Association detection between genetic variants in the microRNA binding sites of toll-like receptors signaling pathway genes and bladder cancer susceptibility

Sihang Cheng 1,*, Jiaming Liu 1,*, Yonggang Zhang 2, Yifei Lin 1, Qinyu Liu 1, Hong Li 1, Jin Huang 3, Peng Zhang 1
PMCID: PMC4270586  PMID: 25550860

Abstract

Bladder cancer (BCa) is the second most common urological malignancy, and the incidence of BCa has dramatically increased recently. Various toll-like receptors (TLRs) signaling pathway proteins were proven to be associated with BCa susceptibility. However, the effect of genetic variants in TLRs signaling pathway genes on risk of BCa has not been elucidated clearly. Previous studies mainly focused on the coding region of target genes, while in this study, polymorphisms in the non-coding region, microRNA (miRNA) binding sites were investigated as potential targets. We used bioinformatics approach to screen 100 BCa related TLRs signaling pathway genes. Candidate polymorphisms were select in this region and 8 polymorphisms were confirmed. Rs72552316, located at the 3’UTR of the TLR7 gene, exhibited significant association with risk of BCa, indicating a strong relationship with decreased risk of BCa (P ≤ 0.0001). Furthermore, no association was detected between all the polymorphisms and recurrence-free survival time of overall study population or non-muscle invasive BCa subgroups. In conclusion, rs72552316 in the miRNA binding sites of TLR7 might contribute to BCa susceptibility, and this finding provided new targets for high BCa risk population screening.

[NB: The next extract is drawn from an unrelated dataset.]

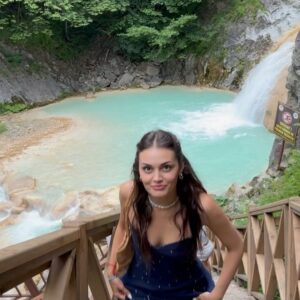 Belgin Şimşek Instagram - Seviyorum 🍀🌳🌿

Keywords: Polymorphism, bladder cancer, TLRs signaling pathway genes, microRNA binding sites

Introduction

Bladder cancer (BCa) accounts for approximately 2% of all human malignancies and it has the highest incidence and mortality rate among urinary system tumors [1,2]. In China, the occurrence of BCa has dramatically increased in recent years [3]. Various risk factors have been demonstrated to be closely associated with the development of BCa, including smoking, occupational and environmental exposures, and chronic irritation [4]. Recently, several studies have identified those polymorphisms in individuals’ genetic susceptibility contributed to the susceptibility of BCa [5]. However, the precise gene interactions and signaling pathways in the development of BCa are still unclear.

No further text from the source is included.